Our code will run a bit better if we add a chunksize. This will write the data in batches of the specified chunksize, saving a lot of memory.

df_large.to_sql(con=dbEngine, schema="dbo", name="largetable", if_exists="replace", index=False, chunksize=1000)

Still this method creates an insert-statement for each record in our table which is still very slow.

2.3 Multi-insert

Adding the ‘multi’-method will improve the insertion speed a lot. In stead of writing a insert statement per record we can now send multiple rows in one statement. The databast can process amultiple records in one operation in stead of an operation per record.

IMPORTANT: this method will not work and is not necessary for a Microsoft SQL Server database. Please see method 4.

df_target.to_sql(con=dbEngine, schema="dbo", name="targettable", if_exists="replace", index=False, chunksize=1000, method='multi')

The ideal chunksize depends on your table dimensions. A table with a lot of columns needs a smaller chunk-size than a table that has only 3.

This is the fasted way to write to a database for many databases. For Microsoft Server, however, there is still a faster option.

2.4 SQL Server fast_executemany

SQLAlchemy 1.3 provides us with the fast_executemany option in creating the dbEngine for SQL server. This method is the fastest way of writing a dataframe to an SQL Server database.

dbEngine = sqlalchemy.create_engine(constring, fast_executemany=True, connect_args={'connect_timeout': 10}, echo=False)
df_target.to_sql(con=dbEngine, schema="dbo", name="targettable", if_exists="replace", index=False, chunksize=1000)

In the code above you see that we have to adjust our databaseEngine a bit; we have to add the fast_executemany option. That’s it.
Then, when we write our dataframe to the database, the only thing we have to remember is that we do not specify our method (or set method=None). This is because the fast_executemany is multi-inserted by default.

fast_executemany is like an F1 car in a horse race! (Image by Chuttersnap on Unsplash)

Conclusion

With these simple upgrades you now have the tools to improve your python-to-database connections. I’ve included a summary with example code and steps below. Happy coding!

-Mike

P.S: like what I’m doing? Follow me!


Overview: to_sql parameters

Below an overview and explanation of all the settings of the to_sql function.

  • con (sqlalchemy engine)
    the databaseconnection (sqlalchemy engine)
  • name (str): required
    name of the table you want to write to
  • schema (str): Default: default database schema (dbo)
    name of the schema you want to write to.
  • if_exists (str): Default: ‘fail’
    What to do if the specified table already exists?
    - ‘fail’: throws an error
    - ‘append’: appends the data to the specified table
    - ‘replace‘: replace the table altogether (WARNING: this is dangerous)
  • index (bool): Default: True
    If Index is set to True it creates an extra column named ‘id’, that is indexed
  • index_label (str or sequence): Default: None
    Column label for the index columns.

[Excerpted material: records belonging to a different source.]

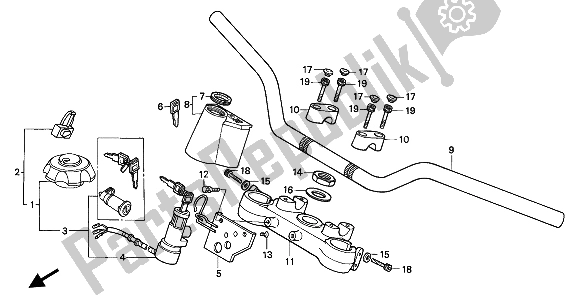 All parts for the Handle Pipe & Top Bridge of the Honda NX 250 1991
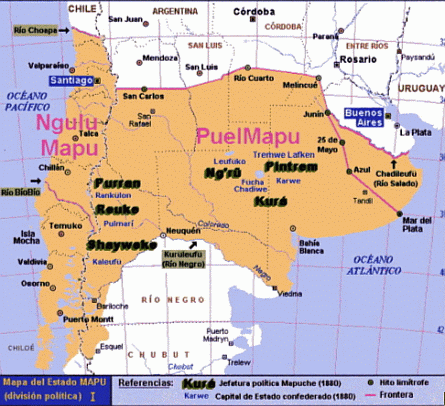 Karte mit dem Mapuche-Territorium
                in Chile und Argentinien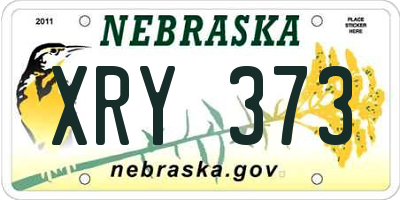 NE license plate XRY373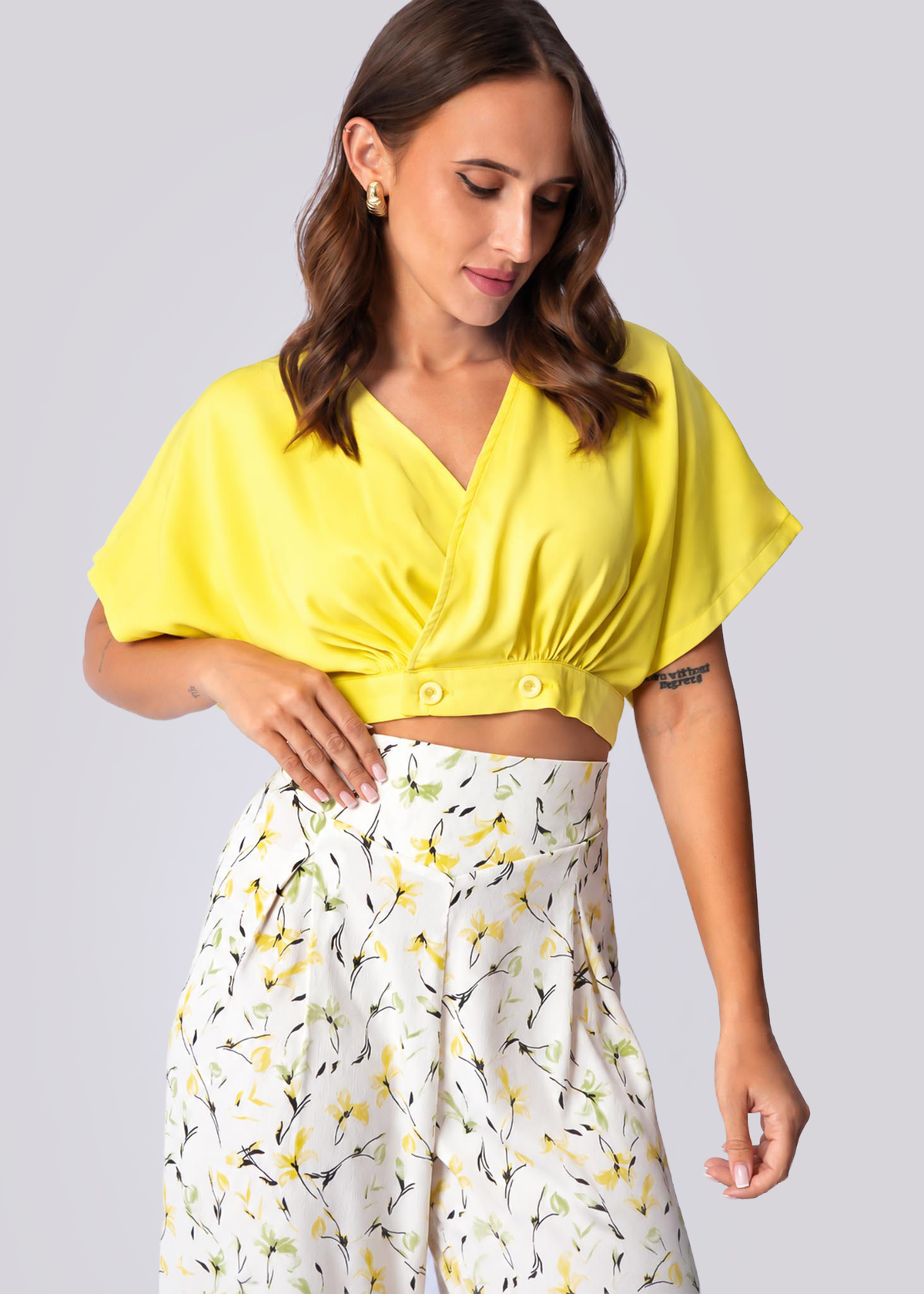 T047-SET | V Neck Crop Top & Pant Set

Default None.
  • chunksize (int): Default: None
    Write rows in batches of size [chunksize]. This is a good idea if you have a lot of records that need to be uploaded. This saves memory. If None: writes all rows at once
  • dtype (dict or scalar): Default none
    Specify datatypes
    If scalar is specified: applies this datatype to all columns in the dataframe before writing to the database. To specified datatype per column provide a dictionary where the dataframe columnnames are the keys. The values are sqlalchemy types (e.g. sqlalchemy.Float etc)
  • method (str): Default None
    Controls the SQL insertion clause
    - None: uses standard SQL insert clause (one per row)
    - ‘multi’: passes multiple values to a single Insert clause.